Historical Discourse Analysis
Historical discourse analysis is a poststructuralist approach to reading and writing history; a mode of conceptualizing history through a theorized lens of critique. Historical discourse analysis works against the objectivist fallacy of traditional positivist historical methods in decentering the authority of the historian as a neutral recorder of facts and the claim of historical writings as objective reconstructions of past events.
The task of the historian is, from this perspective, to uncover and critique the technologies of power that have come to legitimate certain ideas as truths. Historical discourse analysis is a mode of critical social analysis.
The Concept of Discourse
Historical discourse analysis is founded on a poststructuralist conception of discourse: an antiessentialist perspective on language, identity, society, and social practices.

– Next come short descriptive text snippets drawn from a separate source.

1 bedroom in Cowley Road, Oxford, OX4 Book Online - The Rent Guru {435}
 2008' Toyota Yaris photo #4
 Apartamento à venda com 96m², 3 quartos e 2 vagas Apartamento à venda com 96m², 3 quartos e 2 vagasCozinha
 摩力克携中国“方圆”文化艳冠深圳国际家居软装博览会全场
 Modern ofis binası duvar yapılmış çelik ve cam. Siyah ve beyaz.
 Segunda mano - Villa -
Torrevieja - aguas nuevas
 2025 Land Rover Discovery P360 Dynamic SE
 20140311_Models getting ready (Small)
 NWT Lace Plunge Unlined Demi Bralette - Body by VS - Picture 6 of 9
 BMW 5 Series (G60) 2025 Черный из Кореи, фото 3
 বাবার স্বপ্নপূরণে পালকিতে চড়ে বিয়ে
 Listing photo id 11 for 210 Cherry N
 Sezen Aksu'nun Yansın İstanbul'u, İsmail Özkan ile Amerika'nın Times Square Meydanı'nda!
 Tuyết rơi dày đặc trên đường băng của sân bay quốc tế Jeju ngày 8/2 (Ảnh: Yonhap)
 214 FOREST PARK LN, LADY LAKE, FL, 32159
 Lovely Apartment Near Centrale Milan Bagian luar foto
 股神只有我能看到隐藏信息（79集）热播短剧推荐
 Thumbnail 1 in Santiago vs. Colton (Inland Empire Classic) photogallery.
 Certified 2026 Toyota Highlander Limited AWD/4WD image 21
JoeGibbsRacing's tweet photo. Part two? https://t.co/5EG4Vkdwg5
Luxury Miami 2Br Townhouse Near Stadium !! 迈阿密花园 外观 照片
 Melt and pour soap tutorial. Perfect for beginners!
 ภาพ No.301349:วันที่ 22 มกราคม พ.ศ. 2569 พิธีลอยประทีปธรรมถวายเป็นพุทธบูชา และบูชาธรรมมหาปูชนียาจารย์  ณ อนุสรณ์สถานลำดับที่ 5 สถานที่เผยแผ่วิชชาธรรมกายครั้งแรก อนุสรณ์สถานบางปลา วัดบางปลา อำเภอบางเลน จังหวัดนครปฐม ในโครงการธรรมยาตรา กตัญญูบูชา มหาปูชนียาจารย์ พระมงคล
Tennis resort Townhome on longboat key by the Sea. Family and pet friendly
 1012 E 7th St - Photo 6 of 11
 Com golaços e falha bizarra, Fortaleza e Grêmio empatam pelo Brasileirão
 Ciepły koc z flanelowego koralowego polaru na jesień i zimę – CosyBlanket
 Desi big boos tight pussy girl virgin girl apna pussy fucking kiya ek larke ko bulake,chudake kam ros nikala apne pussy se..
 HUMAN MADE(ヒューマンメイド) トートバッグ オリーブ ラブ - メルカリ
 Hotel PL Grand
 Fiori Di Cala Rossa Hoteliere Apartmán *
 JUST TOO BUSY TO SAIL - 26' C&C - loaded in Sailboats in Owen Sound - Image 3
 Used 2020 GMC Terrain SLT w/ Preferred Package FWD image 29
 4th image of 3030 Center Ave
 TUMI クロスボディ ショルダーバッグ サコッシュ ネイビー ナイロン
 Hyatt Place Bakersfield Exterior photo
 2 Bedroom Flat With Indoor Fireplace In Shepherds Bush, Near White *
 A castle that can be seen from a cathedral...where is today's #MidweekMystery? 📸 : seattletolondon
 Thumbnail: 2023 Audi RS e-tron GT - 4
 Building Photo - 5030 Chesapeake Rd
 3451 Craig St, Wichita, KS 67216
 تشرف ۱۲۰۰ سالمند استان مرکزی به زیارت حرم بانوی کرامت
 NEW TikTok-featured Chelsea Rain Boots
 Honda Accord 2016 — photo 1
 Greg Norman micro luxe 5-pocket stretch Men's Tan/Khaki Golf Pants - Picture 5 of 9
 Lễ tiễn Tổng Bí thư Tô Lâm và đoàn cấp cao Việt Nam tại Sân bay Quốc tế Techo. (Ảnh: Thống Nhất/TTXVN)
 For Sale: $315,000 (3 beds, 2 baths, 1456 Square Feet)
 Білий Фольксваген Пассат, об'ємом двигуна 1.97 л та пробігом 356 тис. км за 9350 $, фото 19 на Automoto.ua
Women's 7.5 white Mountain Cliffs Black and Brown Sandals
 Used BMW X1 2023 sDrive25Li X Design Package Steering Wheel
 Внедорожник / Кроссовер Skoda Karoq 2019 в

From this perspective, language and discourse are viewed not as impartial tools that describe reality, but as constitutive modes of power that construct reality in unequal ways, demarcating the center from the periphery, truth from opinion, and reality from interpretation.
Discourses are understood as central modes and components of the production, maintenance, and conversely, resistance to systems of power and inequality; no usage of language is considered a neutral, impartial, or apolitical act.
The Role of the Historian
The positivist view of history, which presupposes the historian as an unencumbered subject who stands outside of discourse, is according to Derrida the original fallacy at the heart of Western metaphysics.
Working against the disciplinary assumptions of traditional history (scientific historiography or historical realism), historical discourse analysis contests the ideal of the historian as an objective observer or recorder of facts, an author who stands outside the texts she or he reads and writes.
Uses of Historical Discourse Analysis
Historical discourse analysis is used generally to trace the ways in which the particular discursive devices found in examined texts or discourses functioned to construct certain normative ideas and views of events and people. Such analyses tend to examine both formal and informal practices of a given period through the examination of the social, political, legal, and disciplinary codes and their discourses to see how a particular category of subject (e.g., the child, the immigrant, the insane, the criminal, the dependent, the homosexual, etc.) and subject categories (e.g., race, culture, gender, age, sexuality, etc.) become constructed.
Thus, to paraphrase cultural studies critic Stuart Hall, the hallmark of historical discourse analysis is the study of discourses as systems of representations.
Because historical discourse analysis is an approach to history rather than a set methodology as such, the specific analytical method for the examination of texts or discourses can vary. Methods of close reading, such as Derridean deconstruction, or the many techniques of discourse analysis in general can be applied to historical texts as ways of analyzing texts or discourses as the means of understanding linguistic practices as social practices.